What is Orthoptics?
Orthoptics is a specialized field in ophthalmology, dealing with very specific eye problems, such as amblyopia (reduced vision in one or both eyes), crossed eyes, strabismus (misalignment of the eyes) and diplopia (double vision).
The eye-care team
Orthoptists serve on eye-care teams, assisting ophthalmologists in the diagnosis and treatment of eye disorders. They perform specialized diagnostic eye tests to measure and assess defective binocular vision or abnormal eye movement in patients. They interpret the results of the tests and suggest treatment plans — eye exercises, patching regimens or other techniques to control eye movements.
The orthoptist acts as the liaison between the ophthalmologist and the patient, assisting in the explanation and execution of recommended treatments that can include special lenses, filters, prisms and exercises to help people correct their vision.

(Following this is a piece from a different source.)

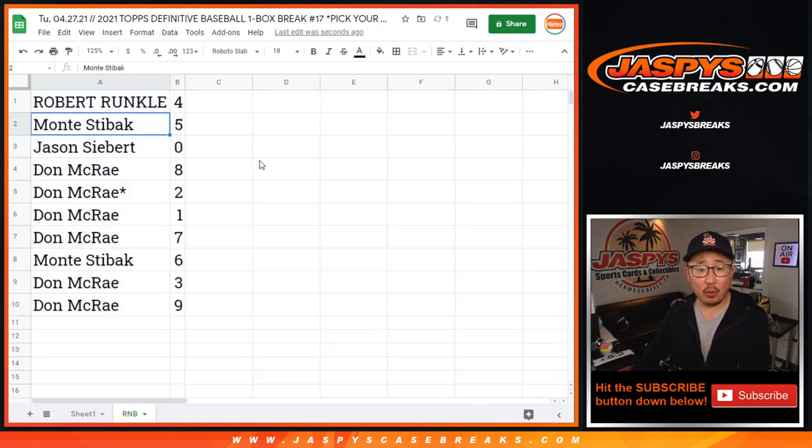Robert with four, Monty with five, Jason with zero, Don with eight, two, one, seven. Monty with six, and Don with three and nine.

They may be asked to implement non-surgical treatment plans and provide follow-up care.
Though most orthoptists have a great deal of autonomy, they do not practice independently. All orthoptists have an ophthalmology sponsor who accepts the ultimate responsibility for the care of each patient seen by the orthoptist.
Demand for orthoptists is high
According to the American Orthoptic Council, jobs are plentiful. It is not unusual for an orthoptic position to remain unfilled for several years, due to the shortage of certified orthoptists to meet the demand. Currently, there are not enough orthoptists entering the work force to replace those who are retiring, and new positions are frequently opening up across the country.